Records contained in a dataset
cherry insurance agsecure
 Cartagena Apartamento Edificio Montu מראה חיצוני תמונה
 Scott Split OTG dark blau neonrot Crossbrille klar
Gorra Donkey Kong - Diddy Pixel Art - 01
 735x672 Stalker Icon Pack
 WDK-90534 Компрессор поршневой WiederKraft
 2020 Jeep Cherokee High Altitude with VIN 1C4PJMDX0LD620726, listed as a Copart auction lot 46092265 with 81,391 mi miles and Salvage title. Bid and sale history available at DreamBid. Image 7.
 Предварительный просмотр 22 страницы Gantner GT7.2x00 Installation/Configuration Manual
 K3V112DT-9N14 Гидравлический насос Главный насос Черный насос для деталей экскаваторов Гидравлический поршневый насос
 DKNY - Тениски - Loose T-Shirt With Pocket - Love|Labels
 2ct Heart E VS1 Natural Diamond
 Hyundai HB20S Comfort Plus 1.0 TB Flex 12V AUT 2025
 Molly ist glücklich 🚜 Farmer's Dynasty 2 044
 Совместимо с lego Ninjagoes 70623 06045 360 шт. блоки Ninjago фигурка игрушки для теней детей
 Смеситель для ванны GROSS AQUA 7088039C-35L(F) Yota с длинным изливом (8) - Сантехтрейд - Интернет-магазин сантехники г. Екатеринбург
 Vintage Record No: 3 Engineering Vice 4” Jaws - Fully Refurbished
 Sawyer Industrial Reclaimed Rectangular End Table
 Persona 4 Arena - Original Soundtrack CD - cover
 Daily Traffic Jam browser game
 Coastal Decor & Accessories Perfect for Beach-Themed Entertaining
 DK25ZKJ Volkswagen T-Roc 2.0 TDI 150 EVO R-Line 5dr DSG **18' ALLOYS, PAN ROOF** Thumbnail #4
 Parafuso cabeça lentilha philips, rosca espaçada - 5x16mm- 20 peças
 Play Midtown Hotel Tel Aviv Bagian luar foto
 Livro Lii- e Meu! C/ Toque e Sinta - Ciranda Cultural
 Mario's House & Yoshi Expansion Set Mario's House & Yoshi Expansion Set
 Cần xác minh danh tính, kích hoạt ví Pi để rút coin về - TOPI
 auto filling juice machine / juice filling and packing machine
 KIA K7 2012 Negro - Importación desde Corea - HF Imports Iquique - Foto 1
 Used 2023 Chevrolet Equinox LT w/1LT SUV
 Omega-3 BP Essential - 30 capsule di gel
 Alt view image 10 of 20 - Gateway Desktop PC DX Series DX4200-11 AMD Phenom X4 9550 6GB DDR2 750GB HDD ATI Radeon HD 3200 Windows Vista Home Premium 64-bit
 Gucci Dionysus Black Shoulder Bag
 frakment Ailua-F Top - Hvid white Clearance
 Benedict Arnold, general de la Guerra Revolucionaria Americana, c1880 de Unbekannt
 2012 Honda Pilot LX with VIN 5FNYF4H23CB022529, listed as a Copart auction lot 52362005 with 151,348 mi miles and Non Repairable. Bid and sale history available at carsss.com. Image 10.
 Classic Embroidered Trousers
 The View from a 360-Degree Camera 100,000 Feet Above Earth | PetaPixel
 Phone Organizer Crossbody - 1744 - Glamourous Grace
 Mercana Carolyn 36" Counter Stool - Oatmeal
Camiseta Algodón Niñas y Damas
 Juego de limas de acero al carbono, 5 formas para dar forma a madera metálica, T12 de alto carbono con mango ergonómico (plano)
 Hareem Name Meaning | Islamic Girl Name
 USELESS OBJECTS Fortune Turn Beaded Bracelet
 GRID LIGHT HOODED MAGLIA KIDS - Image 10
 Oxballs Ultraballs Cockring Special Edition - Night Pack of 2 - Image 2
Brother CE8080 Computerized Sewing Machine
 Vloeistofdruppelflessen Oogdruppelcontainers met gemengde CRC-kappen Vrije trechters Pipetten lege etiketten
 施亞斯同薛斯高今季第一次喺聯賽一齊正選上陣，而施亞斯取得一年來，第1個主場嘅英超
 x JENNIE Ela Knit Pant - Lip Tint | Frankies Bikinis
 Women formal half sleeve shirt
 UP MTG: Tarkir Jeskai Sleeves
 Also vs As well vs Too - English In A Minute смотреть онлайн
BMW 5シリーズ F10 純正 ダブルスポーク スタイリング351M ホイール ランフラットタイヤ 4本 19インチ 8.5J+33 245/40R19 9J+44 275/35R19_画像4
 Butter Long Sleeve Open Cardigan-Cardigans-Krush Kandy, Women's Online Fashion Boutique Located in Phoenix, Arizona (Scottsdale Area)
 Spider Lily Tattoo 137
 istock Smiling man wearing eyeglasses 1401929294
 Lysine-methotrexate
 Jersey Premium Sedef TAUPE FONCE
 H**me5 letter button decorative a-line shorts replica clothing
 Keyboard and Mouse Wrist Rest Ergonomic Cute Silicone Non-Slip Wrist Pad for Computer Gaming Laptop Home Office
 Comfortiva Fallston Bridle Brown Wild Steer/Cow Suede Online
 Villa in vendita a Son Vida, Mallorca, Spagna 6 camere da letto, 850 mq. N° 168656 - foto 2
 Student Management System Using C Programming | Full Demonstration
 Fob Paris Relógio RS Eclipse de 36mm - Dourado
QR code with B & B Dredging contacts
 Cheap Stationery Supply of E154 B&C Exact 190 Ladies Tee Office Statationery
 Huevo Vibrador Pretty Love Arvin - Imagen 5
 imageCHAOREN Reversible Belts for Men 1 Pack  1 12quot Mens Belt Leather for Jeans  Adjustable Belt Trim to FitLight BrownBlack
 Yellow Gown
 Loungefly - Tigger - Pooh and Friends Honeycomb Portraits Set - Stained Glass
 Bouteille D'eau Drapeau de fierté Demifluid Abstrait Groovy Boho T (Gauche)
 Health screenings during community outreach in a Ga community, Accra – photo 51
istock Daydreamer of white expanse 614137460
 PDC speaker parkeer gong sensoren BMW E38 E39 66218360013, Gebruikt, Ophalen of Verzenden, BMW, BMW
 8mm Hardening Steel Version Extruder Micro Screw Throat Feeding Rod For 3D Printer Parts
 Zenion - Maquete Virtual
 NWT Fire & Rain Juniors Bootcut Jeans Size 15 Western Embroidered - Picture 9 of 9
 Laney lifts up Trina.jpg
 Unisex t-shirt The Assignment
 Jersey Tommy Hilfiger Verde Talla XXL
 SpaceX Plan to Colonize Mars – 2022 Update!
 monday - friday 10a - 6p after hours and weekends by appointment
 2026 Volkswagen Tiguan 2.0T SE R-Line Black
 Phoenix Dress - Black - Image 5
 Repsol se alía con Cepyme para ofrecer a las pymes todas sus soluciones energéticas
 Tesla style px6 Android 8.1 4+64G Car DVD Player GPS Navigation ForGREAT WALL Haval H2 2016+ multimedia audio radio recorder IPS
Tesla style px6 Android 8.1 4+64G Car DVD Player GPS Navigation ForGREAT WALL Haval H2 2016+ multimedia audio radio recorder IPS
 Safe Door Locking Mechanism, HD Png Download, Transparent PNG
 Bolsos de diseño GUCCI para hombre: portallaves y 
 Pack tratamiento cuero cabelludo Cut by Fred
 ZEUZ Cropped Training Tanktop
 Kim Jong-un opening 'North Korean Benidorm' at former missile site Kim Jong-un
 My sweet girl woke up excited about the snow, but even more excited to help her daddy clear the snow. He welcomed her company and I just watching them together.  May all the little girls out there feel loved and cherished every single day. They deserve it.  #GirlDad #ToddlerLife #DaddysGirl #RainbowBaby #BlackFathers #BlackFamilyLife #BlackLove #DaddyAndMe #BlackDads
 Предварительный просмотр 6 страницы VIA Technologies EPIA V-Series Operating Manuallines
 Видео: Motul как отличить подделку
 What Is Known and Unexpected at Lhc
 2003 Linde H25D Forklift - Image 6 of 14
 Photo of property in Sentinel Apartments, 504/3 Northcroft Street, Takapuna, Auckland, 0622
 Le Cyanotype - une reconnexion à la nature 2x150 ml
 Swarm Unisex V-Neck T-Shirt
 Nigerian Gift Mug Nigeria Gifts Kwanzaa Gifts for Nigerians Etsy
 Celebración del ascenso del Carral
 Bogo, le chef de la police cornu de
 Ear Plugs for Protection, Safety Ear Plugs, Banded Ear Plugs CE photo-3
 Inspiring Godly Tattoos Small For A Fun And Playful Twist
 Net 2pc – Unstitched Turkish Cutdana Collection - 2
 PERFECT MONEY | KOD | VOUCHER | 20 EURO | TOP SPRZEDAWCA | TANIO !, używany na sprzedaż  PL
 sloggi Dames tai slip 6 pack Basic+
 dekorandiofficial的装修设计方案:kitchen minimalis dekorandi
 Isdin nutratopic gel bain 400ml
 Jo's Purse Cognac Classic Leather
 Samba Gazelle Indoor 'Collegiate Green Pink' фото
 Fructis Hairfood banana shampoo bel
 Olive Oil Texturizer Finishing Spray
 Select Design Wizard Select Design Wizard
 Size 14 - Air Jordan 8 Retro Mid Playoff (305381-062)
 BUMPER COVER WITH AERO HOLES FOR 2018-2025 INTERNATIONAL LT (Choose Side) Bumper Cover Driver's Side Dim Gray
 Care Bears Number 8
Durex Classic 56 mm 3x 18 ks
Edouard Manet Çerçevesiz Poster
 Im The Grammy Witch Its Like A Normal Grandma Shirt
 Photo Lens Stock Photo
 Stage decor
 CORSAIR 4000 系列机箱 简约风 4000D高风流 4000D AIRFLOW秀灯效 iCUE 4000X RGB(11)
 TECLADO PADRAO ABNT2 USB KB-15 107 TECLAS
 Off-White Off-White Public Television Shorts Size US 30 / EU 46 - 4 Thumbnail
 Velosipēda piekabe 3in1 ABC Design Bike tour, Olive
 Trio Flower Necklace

EXERCISE DESCRIPTION ->
With the line that has "Совместимо с lego" as the first and the line that has "Coastal Decor &" as the last, repeat exactly that run of lines above and no more.

WRITTEN ANSWER ->
 Совместимо с lego Ninjagoes 70623 06045 360 шт. блоки Ninjago фигурка игрушки для теней детей
 Смеситель для ванны GROSS AQUA 7088039C-35L(F) Yota с длинным изливом (8) - Сантехтрейд - Интернет-магазин сантехники г. Екатеринбург
 Vintage Record No: 3 Engineering Vice 4” Jaws - Fully Refurbished
 Sawyer Industrial Reclaimed Rectangular End Table
 Persona 4 Arena - Original Soundtrack CD - cover
 Daily Traffic Jam browser game
 Coastal Decor & Accessories Perfect for Beach-Themed Entertaining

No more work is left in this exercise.